Eric Auger eric.auger at linaro.org
Wed Sep 9 01:57:43 PDT 2015


Salut Andre,
On 09/09/2015 10:49 AM, Christoffer Dall wrote:
> On Tue, Sep 8, 2015 at 6:57 PM, Andre Przywara <andre.przywara at arm.com> wrote:
>> Hi Eric,
>>
>> thanks for you answer.
>>
>> On 08/09/15 09:43, Eric Auger wrote:
>>> Hi Andre,
>>> On 09/07/2015 01:25 PM, Andre Przywara wrote:
>>>> Hi,
>>>>
>>>> firstly: this text is really great, thanks for coming up with that.

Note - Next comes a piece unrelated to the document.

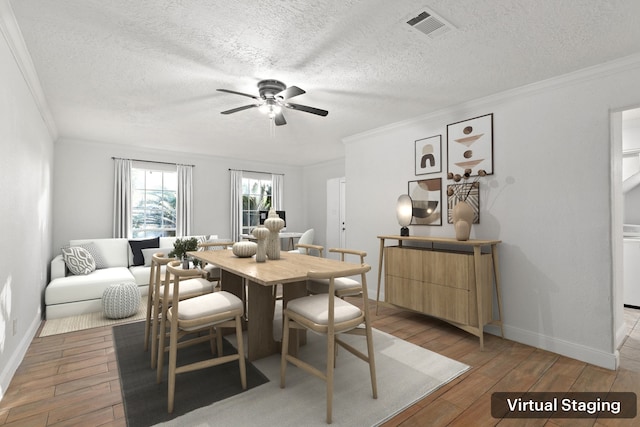 dining space with a textured ceiling, light hardwood / wood-style floors, ceiling fan, and ornamental molding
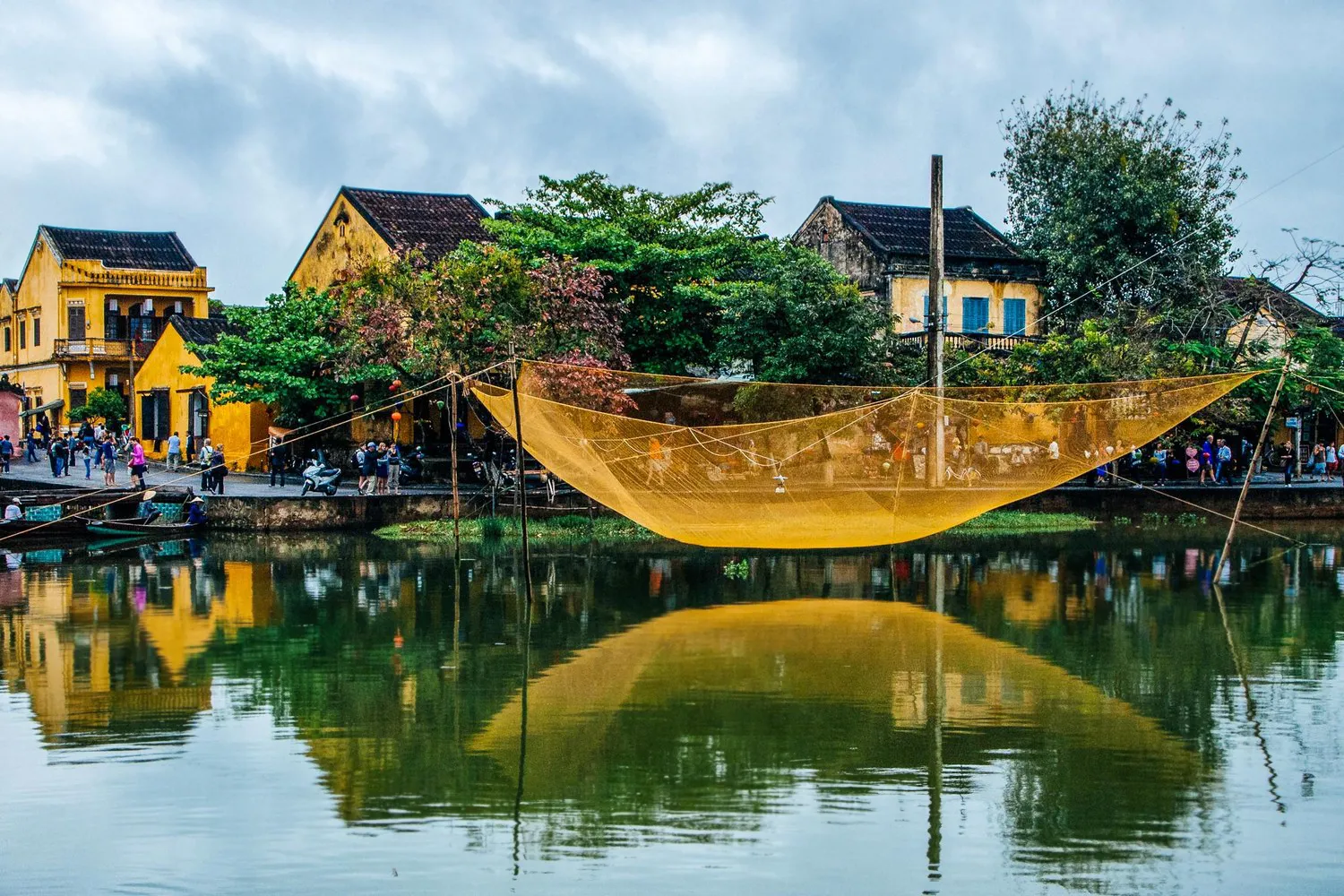 A fish net left to dry over water, with yellow houses in the background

>>>> See below for some information I got from tracing the host which I
>>>> cannot make sense of....
>>>>
>>>>
>>>> On 04/09/15 20:40, Christoffer Dall wrote:
>>>>> Forwarded physical interrupts on arm/arm64 is a tricky concept and the
>>>>> way we deal with them is not apparently easy to understand by reading
>>>>> various specs.
>>>>>
>>>>> Therefore, add a proper documentation file explaining the flow and
>>>>> rationale of the behavior of the vgic.
>>>>>
>>>>> Some of this text was contributed by Marc Zyngier and edited by me.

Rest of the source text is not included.